Audience impact and audiences served are concerns in the outreach business. Often our activities have a greater impact than we can measure, which should be acknowledged, especially in justifying our activities. Anna Francesca Garcia tackles ways to frame these issues.
When I interviewed for my current job, one of the questions from the panel was if I would be fulfilled working with teachers instead of kids. I said that I believed I could. I still do, but I’m glad to be able to dabble in the face-to-face time with the younger set, too.
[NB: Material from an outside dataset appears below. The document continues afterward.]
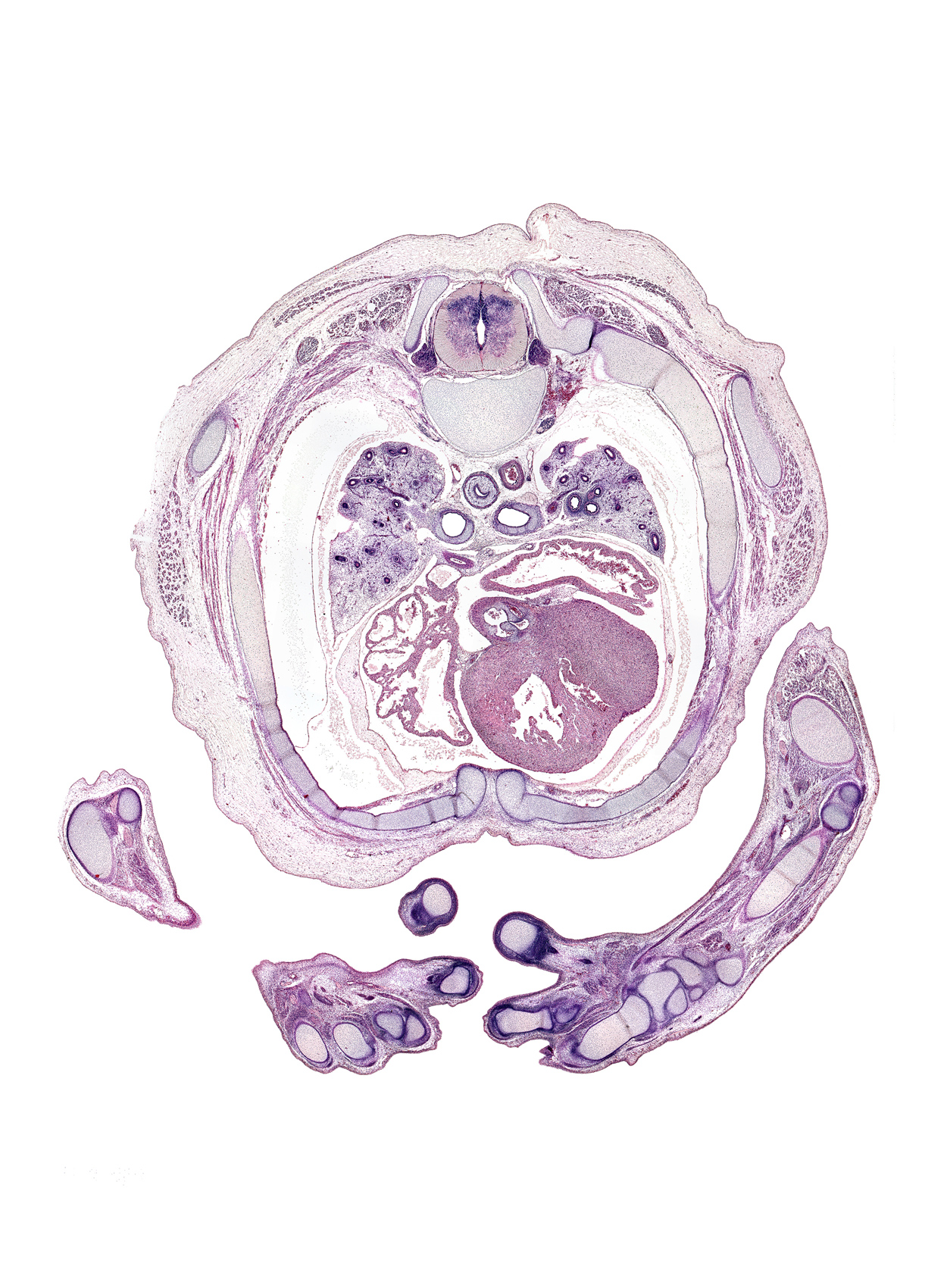 T-4 spinal ganglion, aortic semilunar valve, azygos vein, dorsum of hand, extrapleural loose mesenchyme, flexor digitorum profundus tendon, flexor digitorum superficialis tendon, humerus, interventricular sulcus, left atrium, left primary bronchus, left ventricle, lower lobe of left lung, oblique fissure, pleural cavity, pulmogenic mesenchyme, rib 4, rib 5, right atrium, right primary bronchus, superior vena cava, trabecular part of right ventricle, transverse sinus, triceps brachii muscle, ulnar nerve, upper lobe of left lung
This week, for example, I am subbing for one of the outreach associates who is on vacation. He goes to daycares and preschools where he leads enriched early literacy story times. I had a group today who echoed every line of Chris Raschka’s Charlie Parker Played Be Bop, without any prompting from me. Wow. I could feel my smile lighting my entire face. Then, every child in the room came to hug me because of how much each of them loved the stories, songs, and games. What could be more exhilarating?
This is the “micro” side of what we do. It is one-on-one and very gratifying. Now, though, I have moved more into the “macro” side of outreach. What is that? I was thinking of it as a pyramid scheme, but it isn’t illegal. I thought of it as trickle-down, but that is a very politically-laden term. Let’s just call it “fanning.”
My impact is far greater than the number of people who I actually see. Every teacher represents all of the students who learn from that teacher. Every library media specialist represents all of the staff at that school. Every educator who sees our webpage, uses our services, and tells a colleague represents an entire new class who may benefit from what we offer without me ever having seen that teacher or those students. This is the “macro” side of what we do.
It is like the telephone game, though, where messages can get garbled. Therefore, it is my job to:
- Be as clear and consistent as possible in what I say, and keep my message current.
- Make any printed handouts current, clear, and consistent.
- Be sure that information on our website for educators (www.kclibrary.org/for-educators) is current, clear, and consistent
See how I did that? I’ve been practicing. My boss wants me be succinct.
- Micro-services are face-to-face interactions.
- Macro-services are those where we see none or a few of the people who we serve but those people share what our services are with others.
There are pros and cons to both types of service.
- Micro: Pro= Personal interaction and connection; Con= Fewer people served
- Macro: Pro= More people served; Con= Less or no personal interaction and connection
- Neither type of service is mutually exclusive, and we need both.